Cette allégance aux actionnaires qui réunit May, Trump et Fillon
2016 restera sans nul doute l'année où les peuples ont voté pour le changement, en Grande-Bretagne, pour sortir de l'UE, aux Etats-Unis, en élisant un candidat très atypique, et en France, en envoyant les deux favoris des sondages des primaires des Républicains à la retraite. Mais derrière le vent de nouveauté qui émane de ces nouveaux leaders, apparaît de plus en plus une grande continuité.
L'alternance sans alternative
Bien sûr, Theresa May a apporté un vent de fraicheur, en prenant la défense du vote de ses concitoyens, que certains voulaient, de manière très anti-démocratique, remettre en question, ou par ses propos sur l'industrie et la nécessité de mieux partager le progrès. Donald Trump a touché juste en dénonçant les conséquences dramatiques de l'anarchie commerciale, qui a détruit tant d'emplois dans son pays, tout en proposant ce contrôle des frontières tabou pour les élites globalisées. Et François Fillon a sans doute profité de son refus des excès de la politique spectacle tout en défendant des idées pas toujours en odeur de sainteté dans les grands médias, ou même dans l'opinion, donnant l'image d'un homme de convictions, à défaut de prendre la bonne direction, surtout économiquement.

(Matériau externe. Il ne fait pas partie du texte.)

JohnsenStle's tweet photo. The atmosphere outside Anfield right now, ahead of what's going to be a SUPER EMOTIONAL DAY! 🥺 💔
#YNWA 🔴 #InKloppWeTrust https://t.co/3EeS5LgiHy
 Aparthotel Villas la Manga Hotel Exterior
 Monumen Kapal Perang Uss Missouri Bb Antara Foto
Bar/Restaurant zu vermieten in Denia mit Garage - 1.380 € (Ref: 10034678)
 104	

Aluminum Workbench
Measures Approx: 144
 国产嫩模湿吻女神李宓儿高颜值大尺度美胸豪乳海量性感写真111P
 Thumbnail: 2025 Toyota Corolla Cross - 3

Mais il y a un sujet sur lequel les trois se retrouvent pleinement : la baisse drastique de la fiscalité pour les entreprises. Theresa May envisage d'aller encore plus loin dans les baisses de l'impôt sur les sociétés mises en place par son prédécesseur : elle envisage de le descendre à 15, ou même 10% désormais. Donald Trump propose un plan considérable de baisse des impôts, qui concerne les particuliers, mais également les entreprises, puisque le taux étasunien, un des plus hauts du monde (à près de 40%), même s'il y a bien des moyens de réduire la facture, pourrait baisser lui-aussi à 15% ou 20%. Et Fillon veut d'abord utiliser les plus de 100 milliards de baisse de la dépense publique et la hausse de la TVA pour baisser plus encore les coûts des entreprises, ainsi que l'imposition de leurs profits.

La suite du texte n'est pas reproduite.